I did some scalability tests about crdb. In my test, I kill, decommission, add nodes
to the cluster. Finally every thing seems OK.

  • in consle, all 6 nodes are live, no ranges Under-replicated, no ranges Unavailable
  • for table ‘sbtest’, running sysbench with oltp like testcase is ok

But when I select count(*) from sbtest, it reports

root@172.21.250.88:8774/sbtest> select count(*) from sbtest;
pq: key range id:775 is unavailable; missing nodes: [10 11 12]. Original error: node info not available in gossip

Node 10/11/12 were added at middle of test, they have been killed and decommsioned.

Why this error happened?

What was your replication factor?
How long did you wait between two kill’s ?
If your replication factor is 3 - the default - you can only safely kill 1 node at a time. You should wait killing the next one until your under replicated ranges = 0. In order to be able to safely kill 2 nodes at a time you need a replication factor of 5.
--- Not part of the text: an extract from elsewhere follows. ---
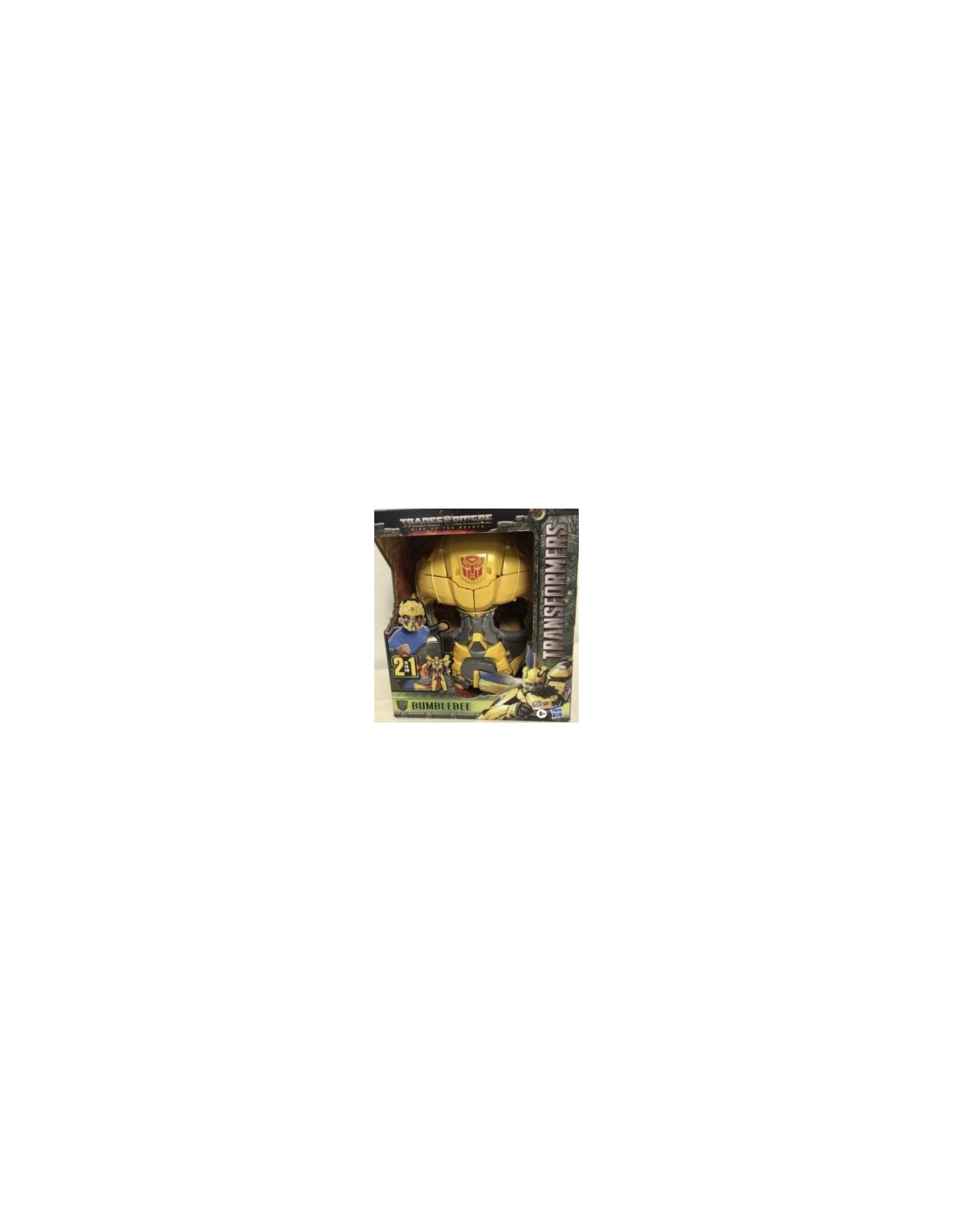 TRANSFORMERS F4121 MASCHERA 2IN1 ASSORTITA su TreG Ingrosso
@haomiao It sounds like you’ve accidentally killed the majority of replicas for that range. As Ronald notes, you need to wait for all ranges to be fully replicated before you can safely kill a node in a 3 node cluster.

factor is 3 (default)

I should have killed nodes after replicated ranges = 0, or the cluster cannot be alive.

And I probably once added new node when replicated ranges > 0, could this be the
reason of the above error?

Now how can I fix this error? All data of kill/decommission nodes have been cleared.

Unfortunately, if the nodes have been wiped and the ranges are no longer on a store, then nothing can be done to recover without rebuilding the cluster. If the ranges are still available on a node, then rejoining that node to the cluster would eliminate the error and make the data available.

When a node goes down, we assume that it will be added back to the cluster. So in the worst case, if we lost 2/3 nodes simultaneously, the cluster would be unavailable (as we can no longer make consistency guarantees). But as soon as node 2 rejoins, the data will become available, and as soon as node 3 rejoins, the data will no longer be under-replicated.

It sounds like 2 / 3 replicas of the data were deleted - this is unrecoverable in the current version.